- **Exercise**
The required output is the lines from the one with "Colorate case a" through the end of the data, repeated verbatim, with no pictures included.

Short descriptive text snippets
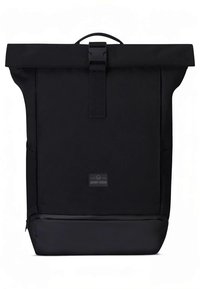 Čierny batoh s rolovacím uzáverom vyrobený z odolnej tkaniny, ktorý má centrálnu sponu, elegantný dizajn a značkovú nášivku v spodnej časti.
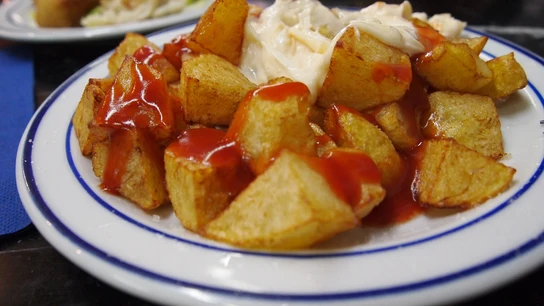 Un plato de patatas bravas Un plato de patatas bravas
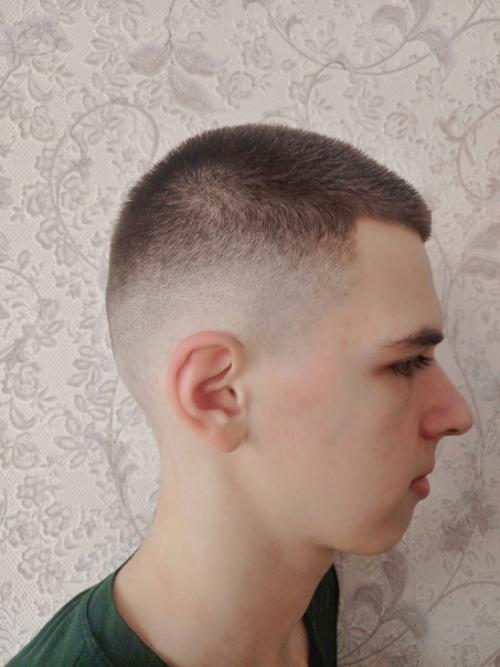 Стрижка Цезарь -  это мужская прическа с прямой или округлой чёлкой, выбритыми висками и затылком. 01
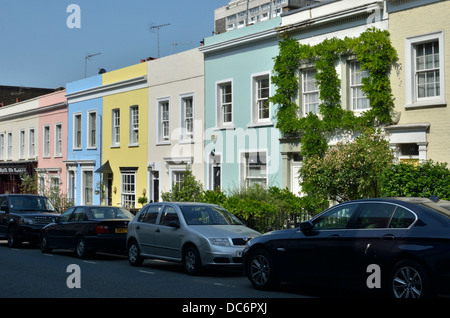 Colorate case a schiera in Campden Hill Road W8, Notting Hill, Londra, Regno Unito. Foto Stock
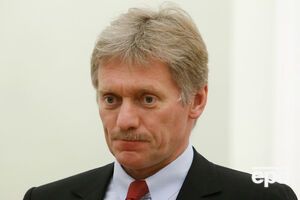 За словами Пєскова (на фото), Путін і Меркель "зійшлися в тому, що абсолютно неправильно якимось чином політизувати цей проект"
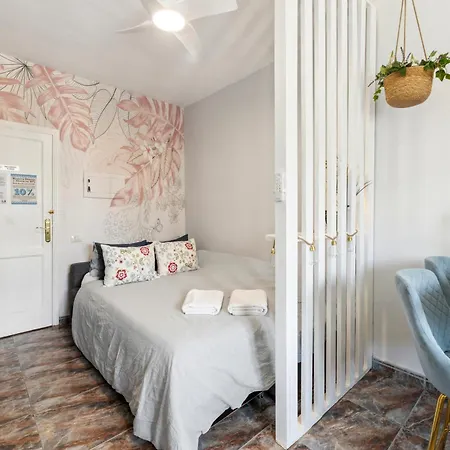 Prázdninový dům Privadas Cerca De La Playa Y Aeropuerto En Casa Compartida Con Otros Huespedes *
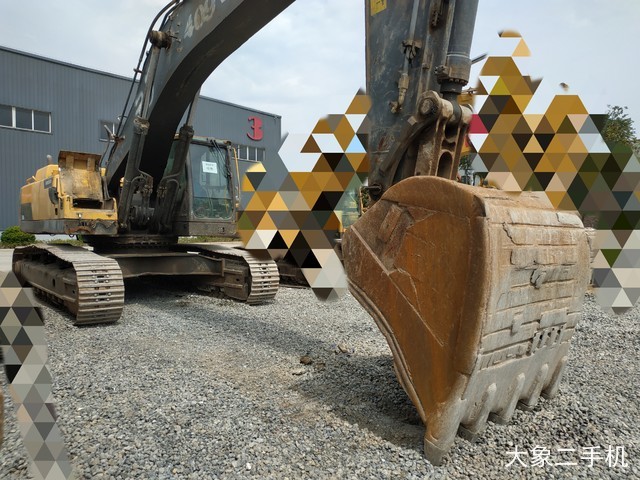 沃尔沃 EC480DL 挖掘机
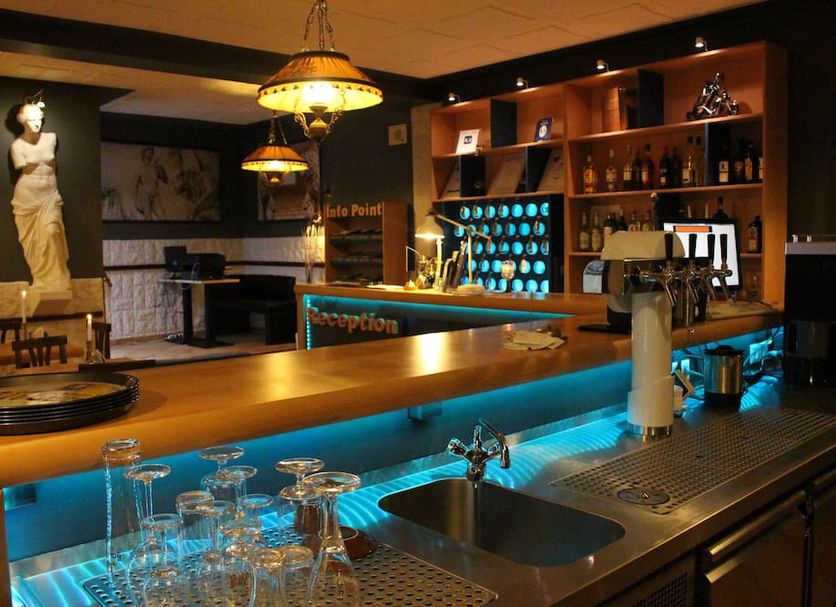 Bar Photo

- **Output**
 Colorate case a schiera in Campden Hill Road W8, Notting Hill, Londra, Regno Unito. Foto Stock
 За словами Пєскова (на фото), Путін і Меркель "зійшлися в тому, що абсолютно неправильно якимось чином політизувати цей проект"
 Prázdninový dům Privadas Cerca De La Playa Y Aeropuerto En Casa Compartida Con Otros Huespedes *
 沃尔沃 EC480DL 挖掘机
 Bar Photo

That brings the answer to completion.